_Information_:

-- -- --

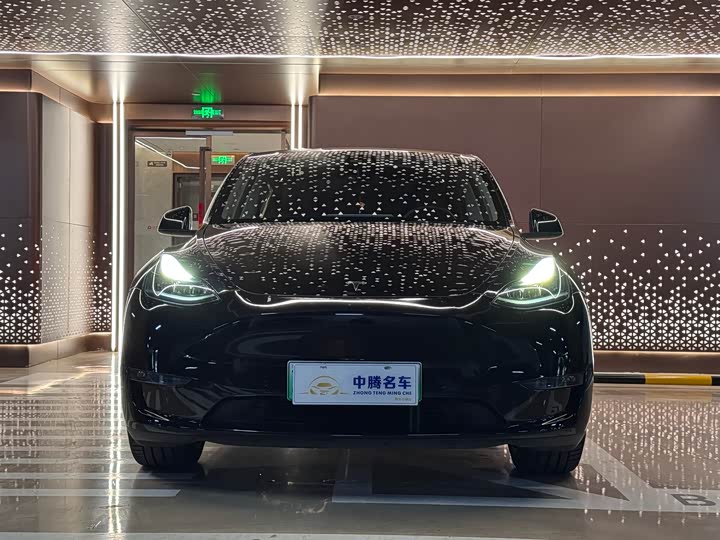 Фото 2 - Tesla Model Y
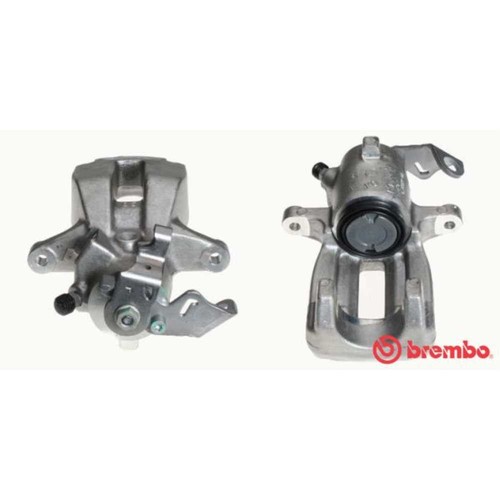 Brembo pinza freno per golf - pinza,
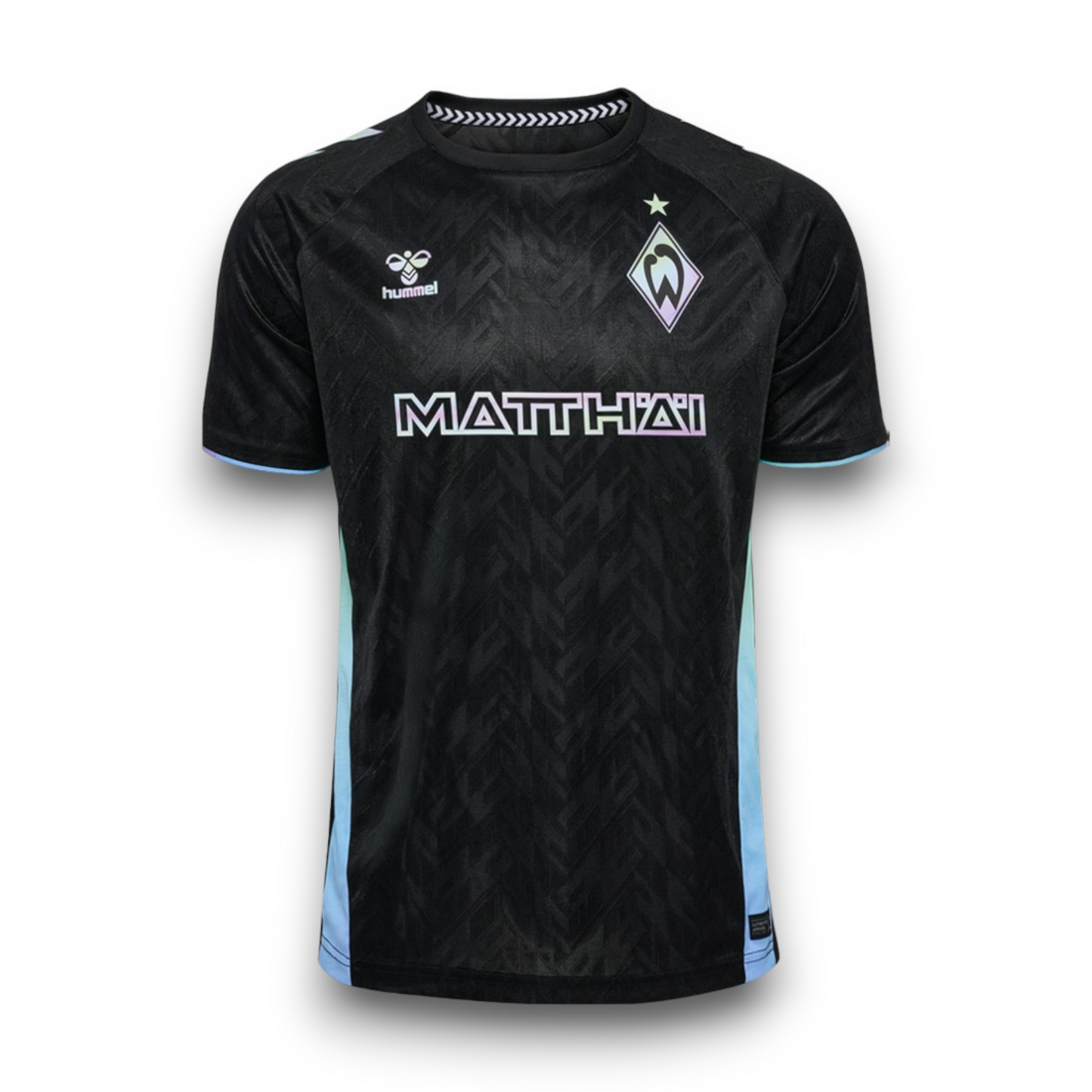 Camiseta Werder Bremen 2024-2025 Alternativa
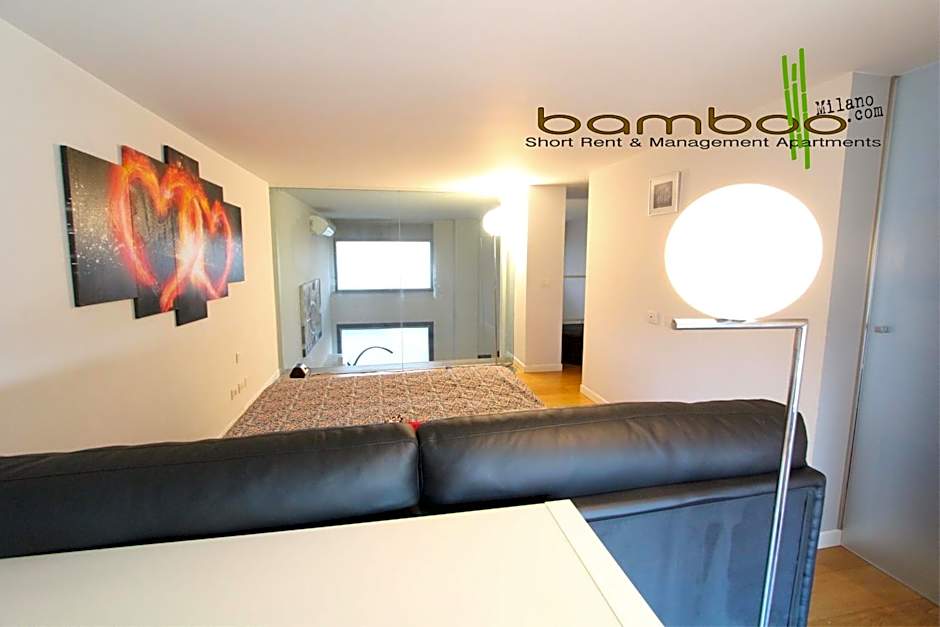 Bamboo Milano Colico LOFT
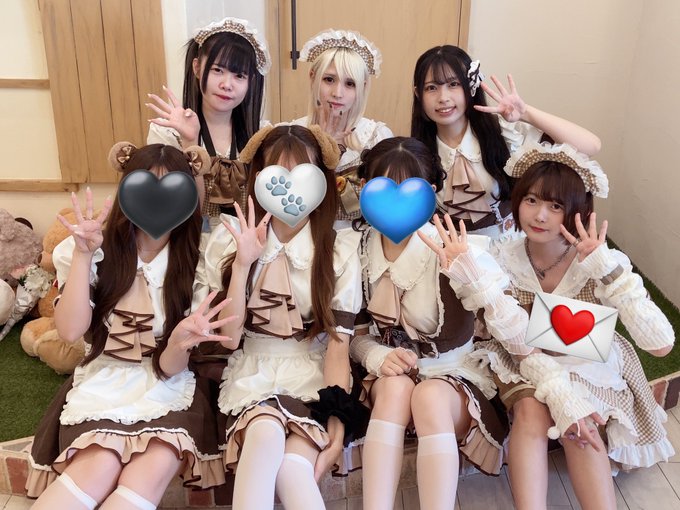 シャルロッテのツイート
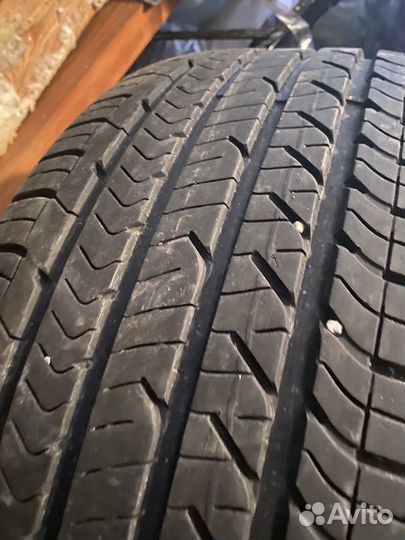 Goodyear Eagle Sport 2 225/55 R17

-- -- --

_What to work on_:
Set down exactly the lines of the entries above from the one holding "Bamboo Milano Colico LOFT" through the last one, including both, with the pictures left out.

_Solution to the exercise_:
 Bamboo Milano Colico LOFT
 シャルロッテのツイート
 Goodyear Eagle Sport 2 225/55 R17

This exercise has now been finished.